Chimpanzee Tracking at Budongo Forest
Tracking Chimpanzees is a thrilling experience where one gets to meet his/her closest cousins have 98% DNA close to that of human beings. Budongo Forest is among the best chimpanzee habitats in Uganda with 600 individuals and about 100 are habituated for tracking at Kaniyo Pabidi. In fact only habituated groups of chimpanzees can be tracked in Budongo forest. It is the largest natural mahogany forest in East Africa covering an area of 825 sq km, located in the northwest of Kampala.
It takes 3 hours to drive to the home of chimps. It is home to over 95 mammals and 360 bird species and various activities are done here but majorly Chimpanzee tracking. This activity is mainly done at Kaniyo Pabidi which borders Murchison Falls at the southern edge hence about a 30 minute drive from Kichumbanyobo gate
All the forest’s tree species are on display along the “Royal Mile”, a beautiful stretch of road highly regarded for its bird watching. Olive baboons are common along the roadsides – be sure to keep car windows and doors shut if you don’t want to lose your lunch!
Murchison Falls is characterized by eternal war between rock and water. The waters violently compress through a narrow gorge, spraying misty droplets along their wake over a 50m radius. This creates a permanent rainbow over the battlefield and causes a continuous roar. From Baker Point on the southern side, you can also view the Nile splitting into the smaller Uhuru Falls, created in 1962 when the river burst its banks.
A boat ride along the Nile to the foot of Murchison Falls is a rewarding experience for nature lovers, as the northern bank teems with a variety of mammals, birds and reptiles. Guided nature walks along both the north and south banks are another refreshing activity, and sport fishing is also possible here. Rafting will be available starting in 2012.
Nile-Lake Albert Delta
This wide, calm stretch of water, where the tranquil Victoria Nile flows into Lake Albert, is a key area for bird watchers. Its papyrus-lined banks are bursting with birdlife, including Goliath Herons, Great Egrets, and African Fish Eagles. The most sought-after species here is the rare Shoebill.
Buligi Game Tracks
The Buligi game tracks, stretching between the Victoria and Albert Niles, are the Murchison Falls National Park’s most popular safari destination. At around 120-170km in length, they pass through open savannah grassland, woodland, acacia and riverine vegetation. Most of the park’s game can be viewed here, especially during early morning and early evening tours.
Paraa, meaning home of the hippo in the local Luo language, is the park’s tourism hub. All the park’s access roads converge here as the northern and southern banks are linked by a passenger ferry, and several accommodations are located nearby. Additionally, a museum and gift shop can be found on the north bank, and most game drives, launch trips and nature walks commence here.

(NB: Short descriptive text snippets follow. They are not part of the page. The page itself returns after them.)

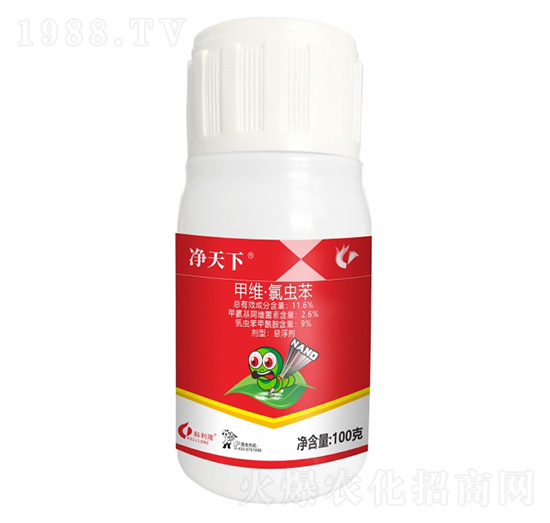 11.6%�׾S�����x��-������-����¡����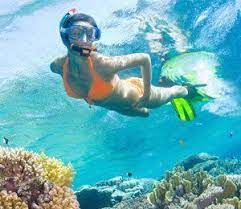 Nassau Snorkeling Reef Locations Http Www Deepbluediving Org Scuba Diving Gear For Kids Bahamasdivingadve Bahamas Snorkeling Scuba Diving Hawaii Snorkeling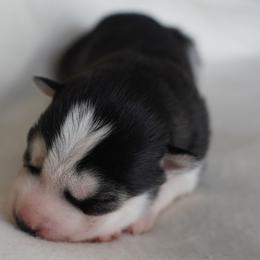 Skye - Black and white female Siberian Husky puppy in Wiscasset, Maine from Running with Huskies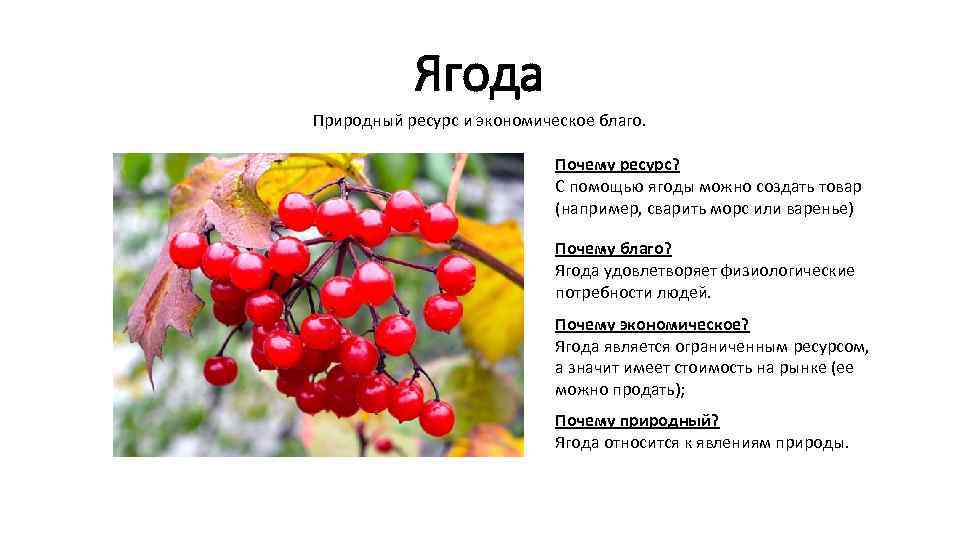 Ягода Природный ресурс и экономическое благо. Почему ресурс? C помощью ягоды можно создать товар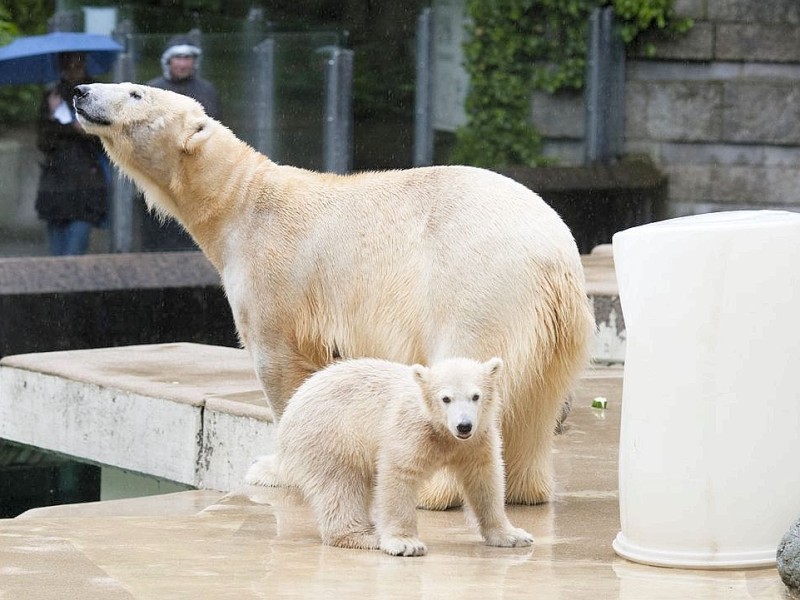 Unter der Aufsicht von Mutter Vilma erkundet das Anfang Januar geborene Eisbärmädchen Anori im Wuppertaler Zoo zum ersten Mal das große Außengehege und hat beim Plantschen im Wasser viel Spaß.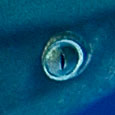 Oeuil de requin longimanus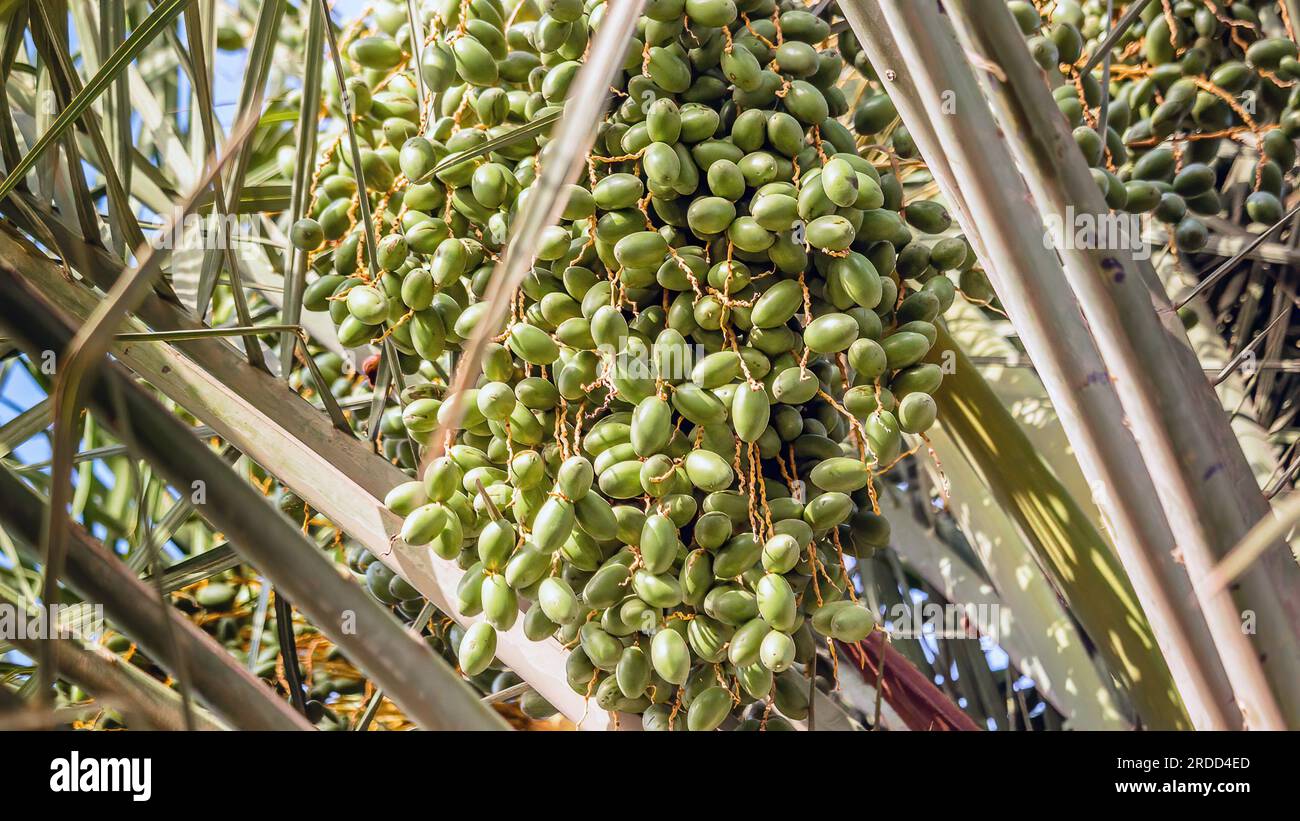Raw green dates on the palm tree Dammam Saudi Arabia Stock Photo Alamy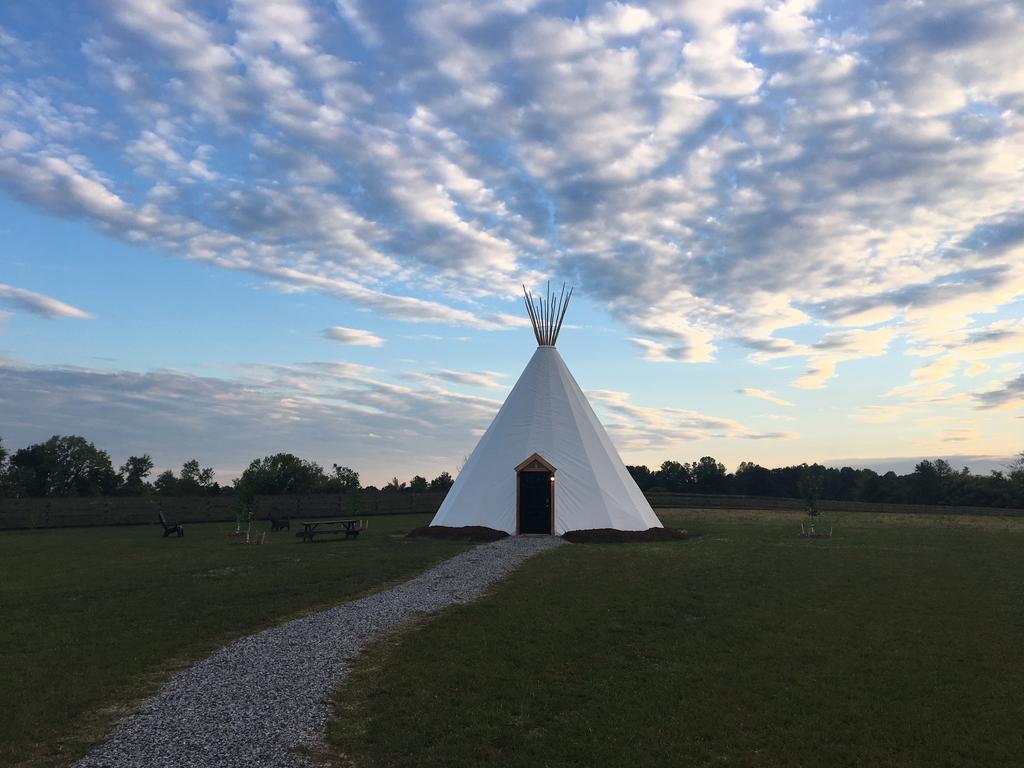 Dreamcatcher Glamping Tipi Hotel Farmville Zewnętrze zdjęcie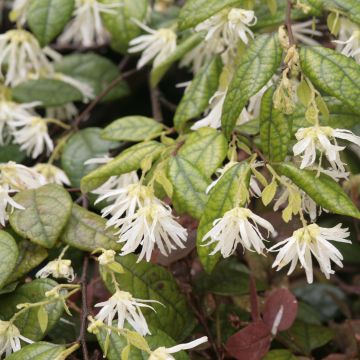 Loropetalum chinense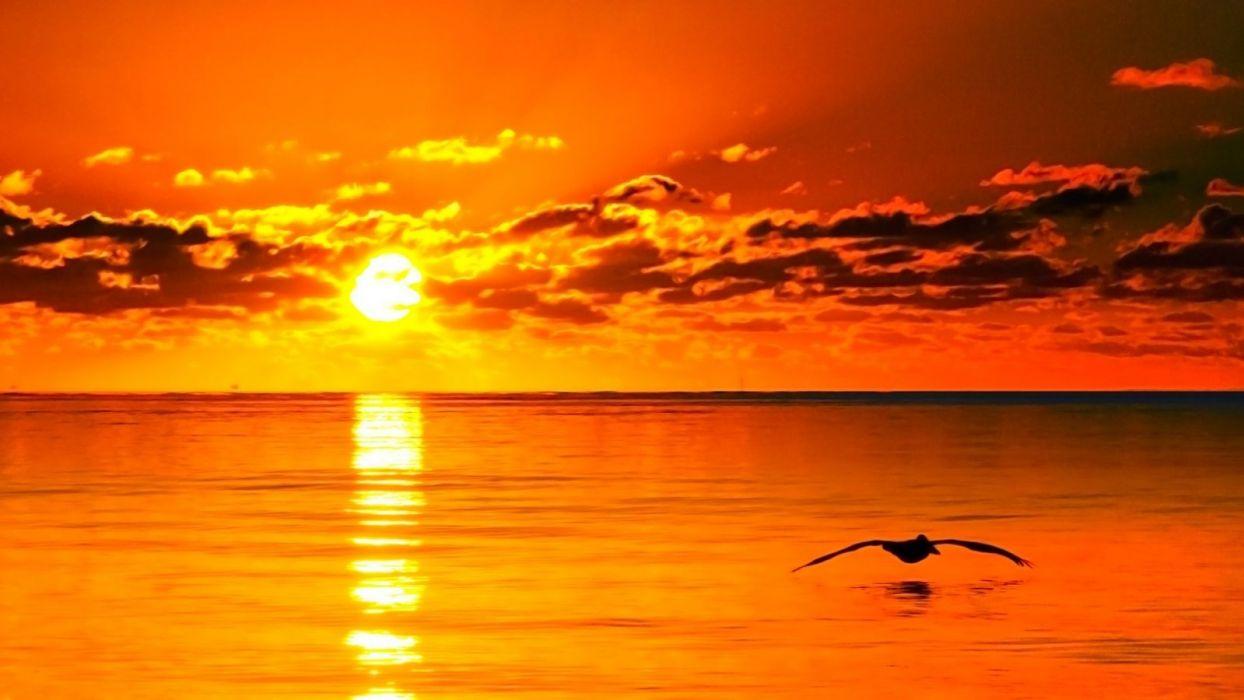 Free download Sunrise Live Wallpaper free app download for Android  480x800 for your Desktop Mobile  Tablet  Explore 47 Sunrise Wallpapers  Free Download  Sunrise Background Images Sunrise Beach Wallpaper Sunrise  Wallpaper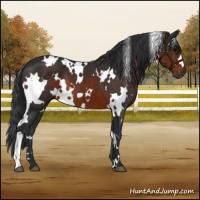 Horse Color:White Spotted Brown 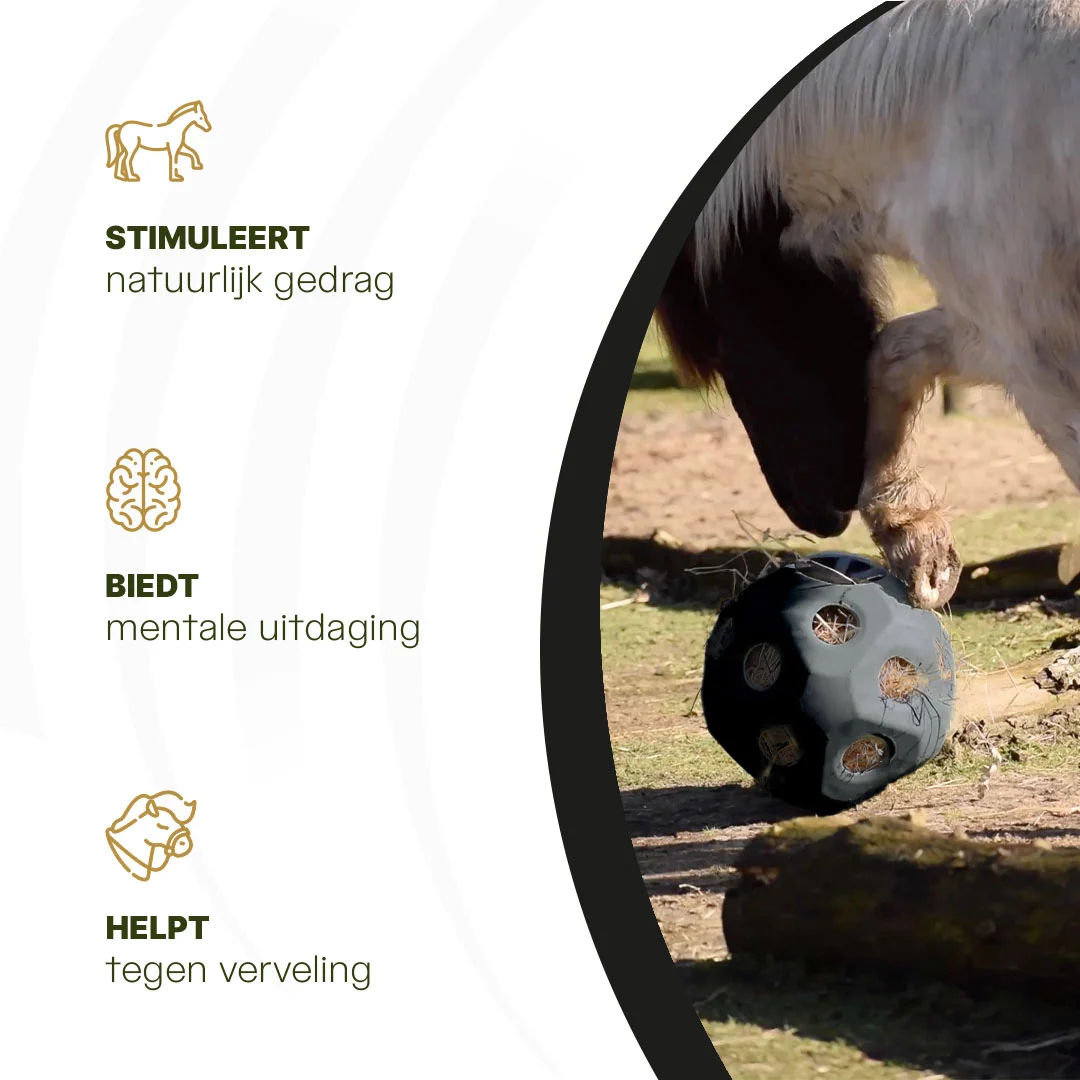 Futterball für Pferde mit Futteröffnungen, Schwarz – Excellent Horse Feed & Play Ball – Bild 6
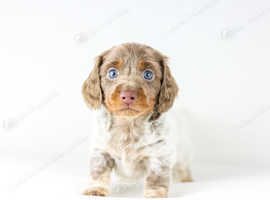 Long haired hotsell dachshund price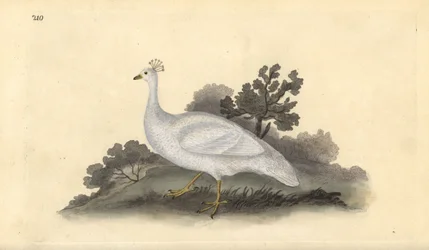 Hvittoppet ertefugl (hunn), Pavo cristatus. Håndfarget kobberplate tegnet og gravert av Edward Donovan fra hans egen "Natural History of British Birds," London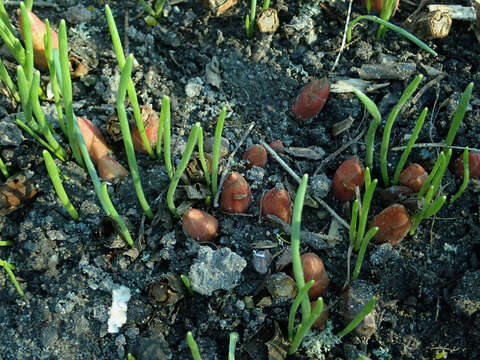 Image of Paeonia emodi Wall.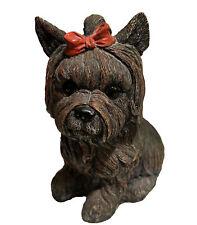 Yorkshire terrier heavy for sale  CLACTON-ON-SEA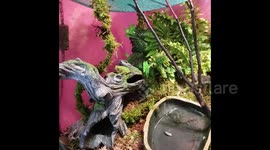 Green Tree Frog hilariously 'chirps' after getting misted by owner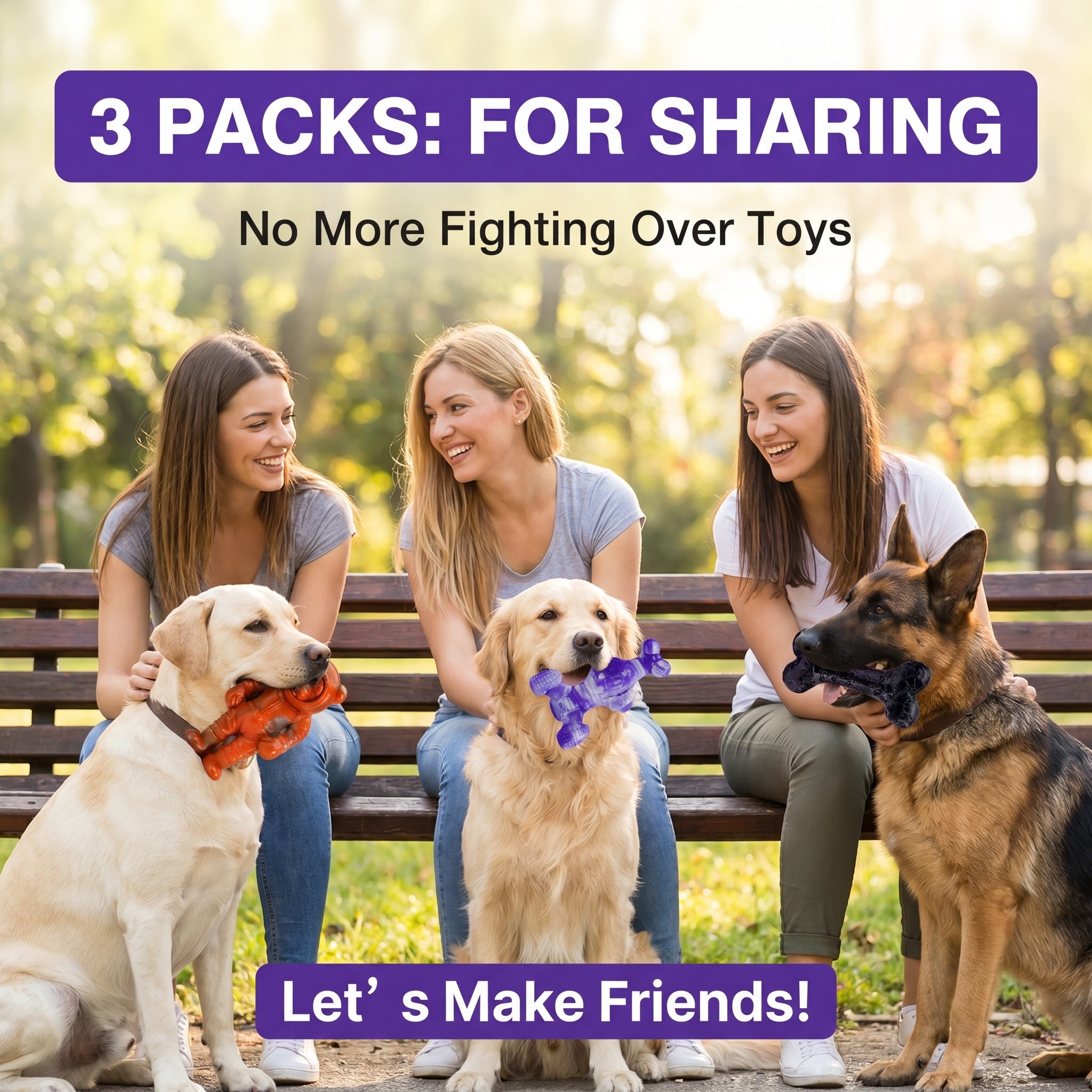 Frienhund Beef Flavor Tough Nylon Dog Chew Toy, Mixed Purple & Blue & Orange, 3 Count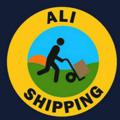 Telegram channel Ali Shipping Indian Dropshipping logo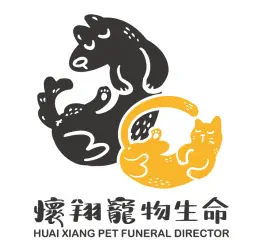文章圖片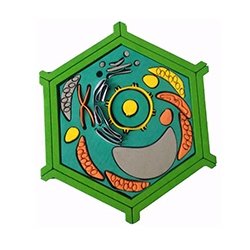 Typical Plant Cell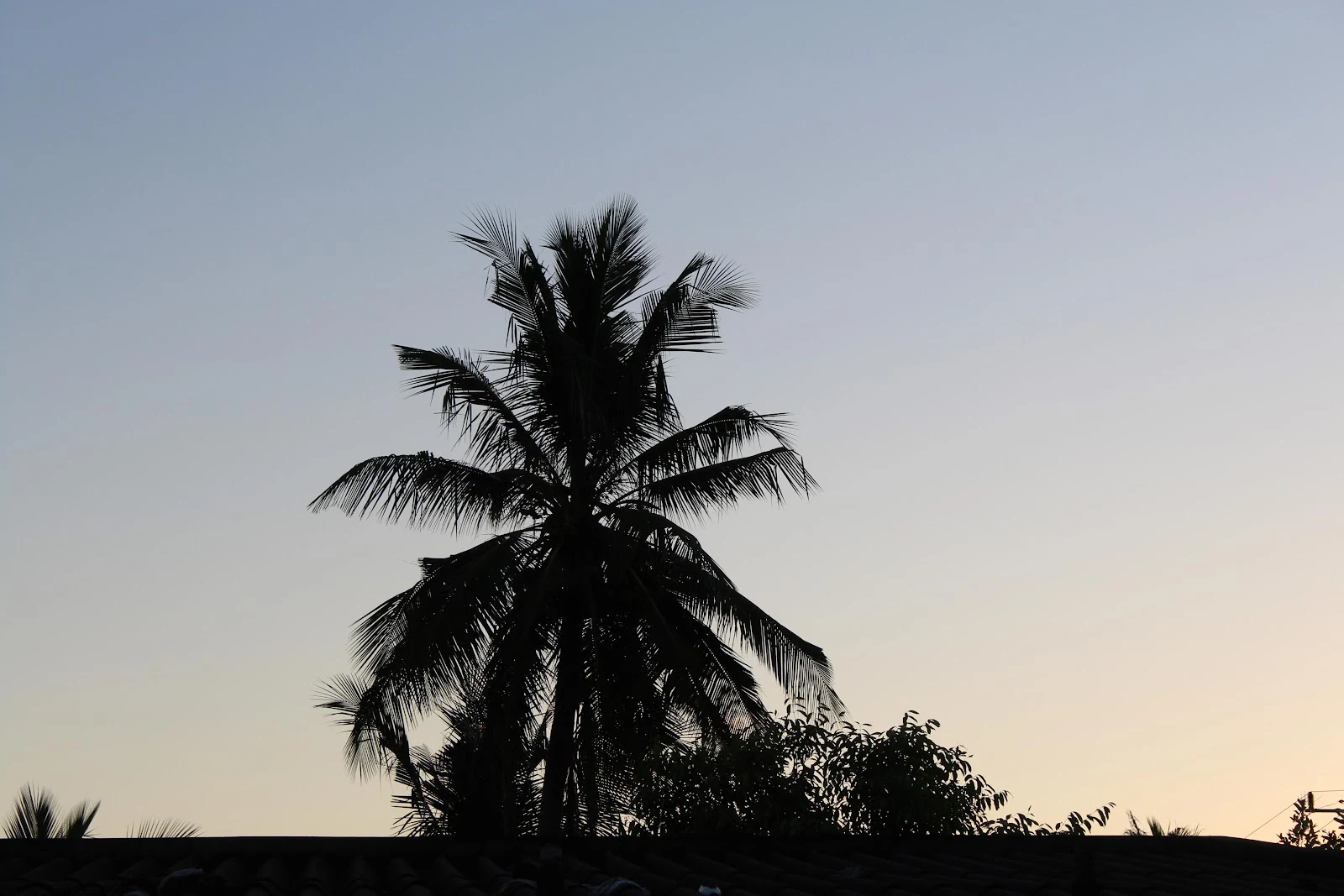 Silhouette Of A Palm Tree - Silhouette Photography 5K Wallpaper (5184x3456)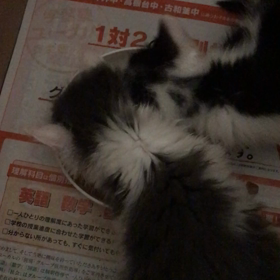 離乳食組の顔wの画像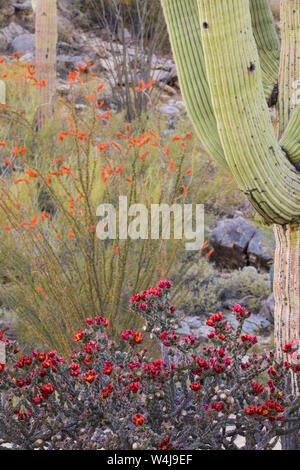 Printemps dans le désert de Sonora. Arizona Banque D'Images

The Karuma Falls are located in Chobe, in the northeastern sector of the park. These roaring waterfalls on the Victoria Nile are made up of a series of natural rock formations which cause the waters to ripple and give them a white, foamy appearance. It is an ideal area for sport fishing.
Kaniyo Pabidi Forest
In the south of Murchison Falls Conservation Area, this forest ecosystem contains black-and-white colobus and blue monkeys, olive baboons, and a habituated chimp group which can be tracked. Elephants, buffalos, lions and leopards are also frequent visitors. Many forest birds can be viewed here, including the chocolate-backed kingfisher, white-thighed hornbill and Puvel's illadopsis which is found nowhere else in East Africa.
Kaniyo Pabidi has a campsite, cottage accommodation, forest walks and excellent bird watching.
Surrounded by savanna and covering just 4km2, Rabongo Forest is considered a birders’ paradise because of the endangered species found here. Rabongo is ideal for educational tours as it provides opportunities to identify animals, birds, medicinal plants and trees. For relaxation, visitors can camp and enjoy picnics by the Wairingo River.